Wien/Brüssel - Bundeskanzler Wolfgang Schüssel wies die jüngste Kritik der EU-Kommission an der Beschäftigungspolitik der schwarz-blauen Koalition am Freitag scharf zurück. "Ich habe nicht den Ehrgeiz, mir aus Brüssel vorschreiben zu lassen, wie die Beschäftigungspolitik in Österreich auszuschauen hat. Gerade das Kindergeld stellt die Vereinbarkeit von Beruf und Familie sicher." Österreich weise außerdem lediglich eine halb so hohe Arbeitslosenrate wie im EU-Durchschnitt auf, bemühte der Kanzler die Statistik.

Wie bereits in einem Teil der gestrigen Ausgabe berichtet, üben Experten der EU schwere Kritik an der Beschäftigungspolitik der scheidenden Regierung. "Die angepeilte Arbeitslosenrate von 3,5 Prozent könnte Österreich im heurigen Jahr verfehlen", heißt es in der Rohfassung des jährlichen Prüfberichts der EU-Kommission im Rahmen der Nationalen Aktionspläne (NAP). Der Bericht wurde am Freitag in Brüssel mit Vertretern Österreichs besprochen.

"Keine zusätzlichen Maßnahmen"

Österreich habe "keine zusätzlichen Maßnahmen ergriffen, um die Beschäftigungsraten zu steigern", vermerken die EU-Experten. Schwere Kritik aus arbeitsmarktpolitischer Sicht gibt es auch am Kindergeld: Dieses könnte "den Anreiz für Frauen, eine Beschäftigung anzunehmen, verringern". Es sei noch zu früh, um zu beurteilen, ob diese "kostspielige Politik weitere ergänzende Maßnahmen (für die Frauenbeschäftigung, Anm.) erlaubt". Die angepeilte Verringerung der Einkommensunterschiede zwischen Mann und Frau sei nicht erreicht worden.

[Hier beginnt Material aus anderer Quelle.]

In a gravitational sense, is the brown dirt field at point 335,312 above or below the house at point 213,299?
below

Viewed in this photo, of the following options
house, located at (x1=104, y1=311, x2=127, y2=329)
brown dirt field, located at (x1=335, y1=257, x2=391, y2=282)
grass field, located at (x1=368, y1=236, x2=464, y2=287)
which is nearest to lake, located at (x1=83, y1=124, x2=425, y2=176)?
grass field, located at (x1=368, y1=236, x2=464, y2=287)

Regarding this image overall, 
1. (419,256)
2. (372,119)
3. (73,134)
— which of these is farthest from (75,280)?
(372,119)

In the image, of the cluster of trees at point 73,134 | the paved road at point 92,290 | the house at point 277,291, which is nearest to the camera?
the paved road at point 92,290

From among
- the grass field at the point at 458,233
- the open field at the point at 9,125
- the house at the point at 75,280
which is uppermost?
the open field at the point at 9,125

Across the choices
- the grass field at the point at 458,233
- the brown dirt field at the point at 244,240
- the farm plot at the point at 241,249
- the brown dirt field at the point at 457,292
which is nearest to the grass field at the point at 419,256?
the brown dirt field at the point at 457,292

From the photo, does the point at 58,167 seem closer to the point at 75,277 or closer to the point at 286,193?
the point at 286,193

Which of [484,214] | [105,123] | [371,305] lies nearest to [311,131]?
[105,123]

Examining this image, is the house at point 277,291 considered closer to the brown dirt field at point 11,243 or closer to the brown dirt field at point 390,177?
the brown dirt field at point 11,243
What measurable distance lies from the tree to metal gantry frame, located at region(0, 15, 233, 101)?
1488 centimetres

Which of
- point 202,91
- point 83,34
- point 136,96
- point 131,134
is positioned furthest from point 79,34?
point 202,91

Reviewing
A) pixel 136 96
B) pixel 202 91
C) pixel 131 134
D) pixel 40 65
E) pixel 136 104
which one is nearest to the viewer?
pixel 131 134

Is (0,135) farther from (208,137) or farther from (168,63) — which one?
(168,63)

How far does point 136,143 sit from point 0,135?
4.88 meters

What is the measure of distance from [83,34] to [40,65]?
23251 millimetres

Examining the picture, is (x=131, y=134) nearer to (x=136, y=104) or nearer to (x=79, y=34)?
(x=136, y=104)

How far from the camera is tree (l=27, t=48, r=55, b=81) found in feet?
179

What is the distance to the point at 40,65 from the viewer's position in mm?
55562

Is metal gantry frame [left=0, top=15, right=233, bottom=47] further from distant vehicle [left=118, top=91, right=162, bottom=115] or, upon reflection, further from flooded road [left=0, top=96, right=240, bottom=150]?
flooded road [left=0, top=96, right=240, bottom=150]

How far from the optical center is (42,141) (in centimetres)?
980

Auch die Situation am Arbeitsmarkt für Jugendliche hat sich laut Bericht verschärft. Maßnahmen zur Bekämpfung der Jugendarbeitslosigkeit seien "reduziert" worden. Schon im Vorjahr sei die Jugendarbeitslosenrate von 2,9 auf 3,2 Prozent gestiegen. Ebenso kritisiert die EU die Situation bei älteren Beschäftigten, die "keine Anzeichen der Verbesserung zeigt".

Zur Verbesserung der Arbeitsplatzqualität verfüge das Land zwar über eine Reihe von "isolierten Initiativen", habe aber "keine umfassende Strategie". (miba, APA, DER STANDARD, Printausgabe 14.9.2002)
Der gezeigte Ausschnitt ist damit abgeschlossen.